In Zen we discover the central truth of Oriental wisdom standing naked and unashamed—shorn of its trappings and symbols. At times it seems utterly perplexing and again utterly absurd. But it does not differ from the supreme experience which lies at the heart of every other faith aiming at freedom of the spirit. Yet we are so used to symbols and doctrines, so cluttered up with the mere images of wisdom which the ages have handed down, with the names of the God whose Self remains unseen, that when someone points directly to the experience itself we are taken aback and cannot believe our eyes. This is the more so when that which is pointed out is something lying right under our noses and which ordinarily we are too proud to consider.
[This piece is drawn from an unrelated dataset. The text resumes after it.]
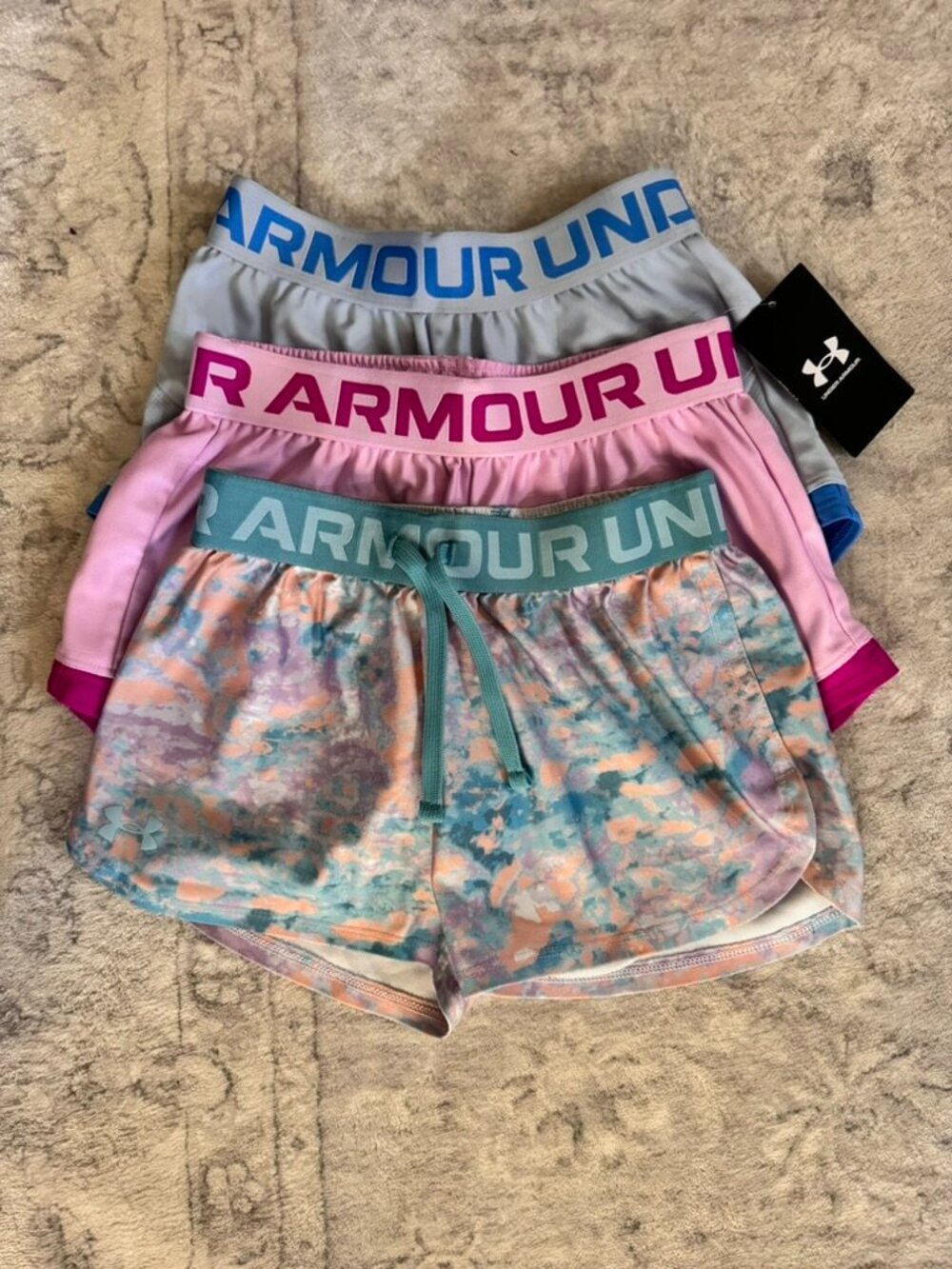 Under Armour Girls Shorts (3 Pairs) - Size YSM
But God is always found where He is least expected, and no one would have thought of looking for Him in the cowshed of a country inn.
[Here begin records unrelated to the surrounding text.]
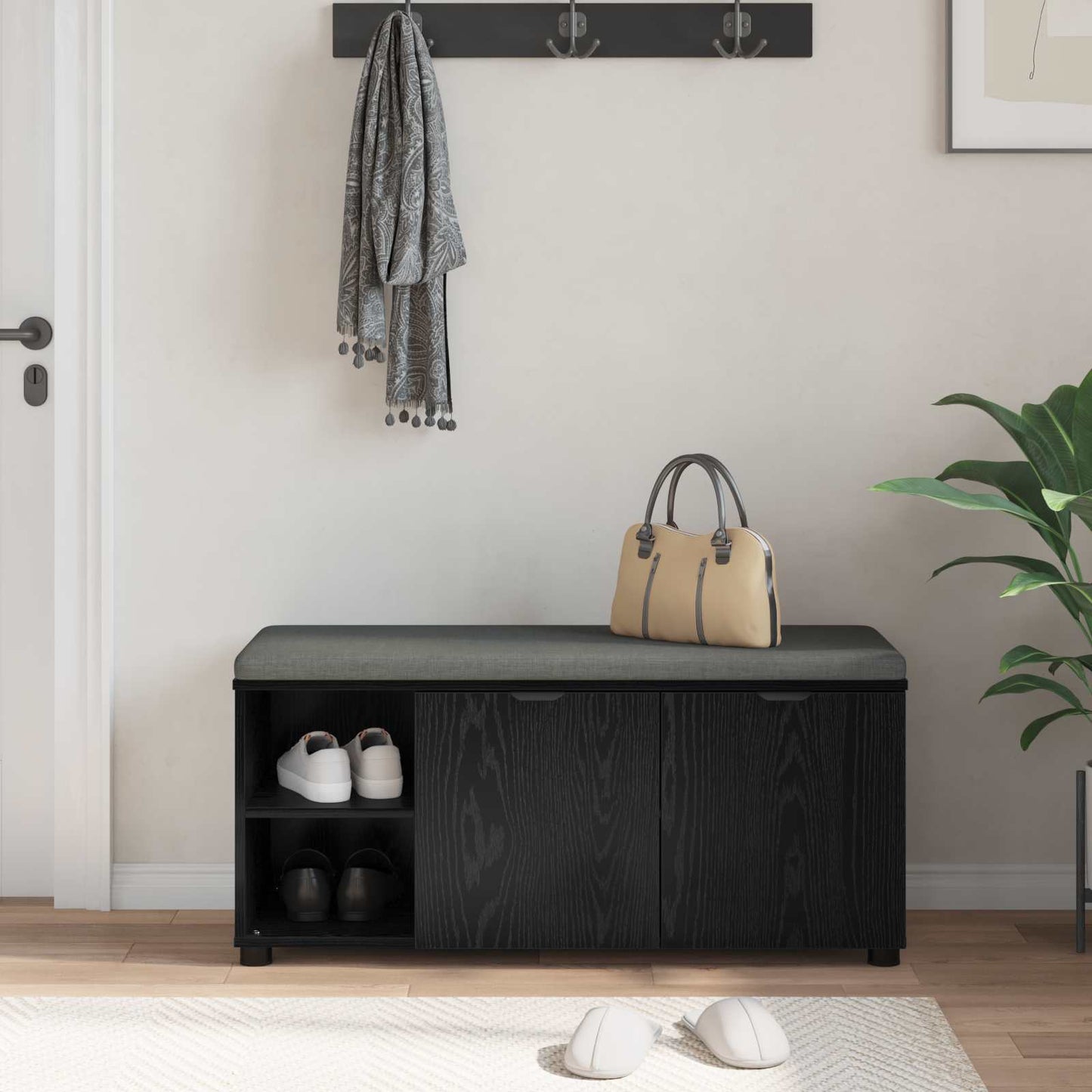 vidaXL Hall Bench with Cushion with Shelf Black Oak 100 x 38 x 46 cm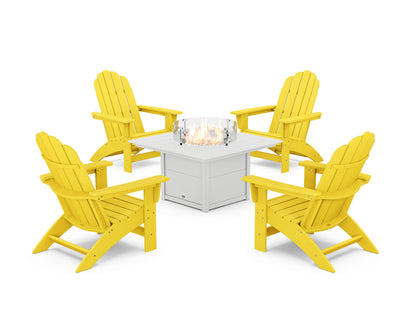 5-Piece Vineyard Grand Adirondack Conversation Set with Fire Pit Table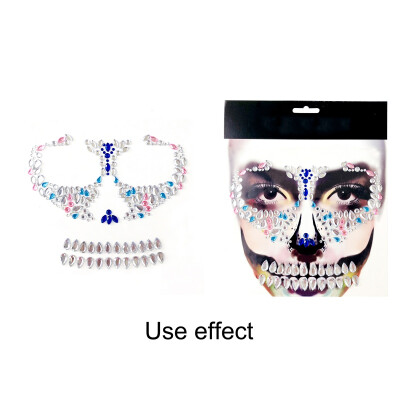 

Halloween Resin Jewelry Stickers Removable Face Gems Stickers Funny Tattoo Stickers For Festival Party Costume Decorations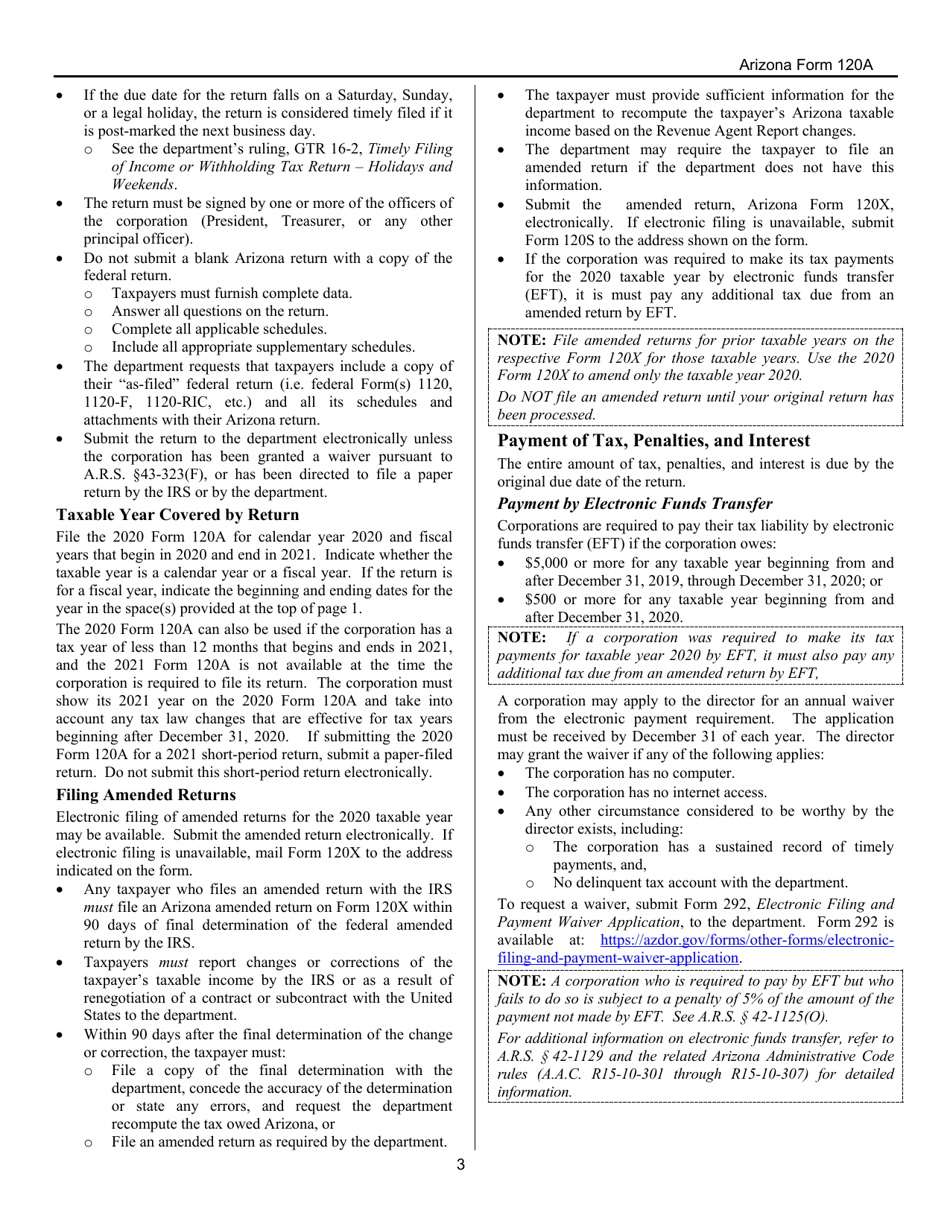 Instructions for Arizona Form 120A, ADOR10949 Arizona Corporation Income Tax Return (Short Form) - Arizona, Page 3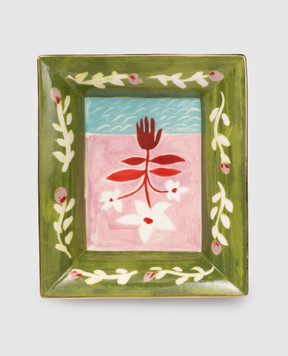 Bitossi Home Фарфоровая тарелка для закусок White Flowers FTB02002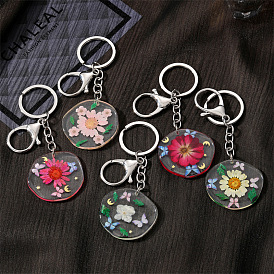 Porte-clés floral de charme rustique avec papillon, breloques étoile et lune - décoration fleurs séchées faites main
And if Zen reveals to us the central experience of Oriental religion, no one can say that Asia can offer us only the via negativa of denying the world. Eastern philosophy makes an illusion of man and the universe only as a step to making them divine, so that we may see a wonder and a miracle in the drawing of water and the carrying of fuel. For in the doctrine that each creature and thing is a transitory aspect of the eternal Brahman only a benighted mind could read a denial of living forms; yet the intention was to accord them the most tremendous affirmation that man could utter.

7. THE GREAT LIBERATION

Those who search for happiness do not find it because they do not understand that the object of their search is the seeker. We say that they are happy who have “found themselves” for the secret of happiness lies in the ancient saying, “Become what you are.” We must speak in paradox because we think we are divided from life and, to be happy, must unite ourselves with it. But we are already united, and all our doings are its doings. Life lives us; we do not live life. Yet in fact there is no “us” apart from life that life can so “live.” It is not that we are passive tools of life, as fatalists believe, for we could only be passive tools if we were something other than life. When you imagine yourself to be divided from and at war with life, you imagine yourself to be its passive tool and so are unhappy, feeling with Omar Khayyám—

Oh, Thou, who Man of baser Earth didst make,

And who with Eden didst devize the Snake;

For all the Sin wherewith the Face of Man

Is blacken’d, Man’s Forgiveness give—and take!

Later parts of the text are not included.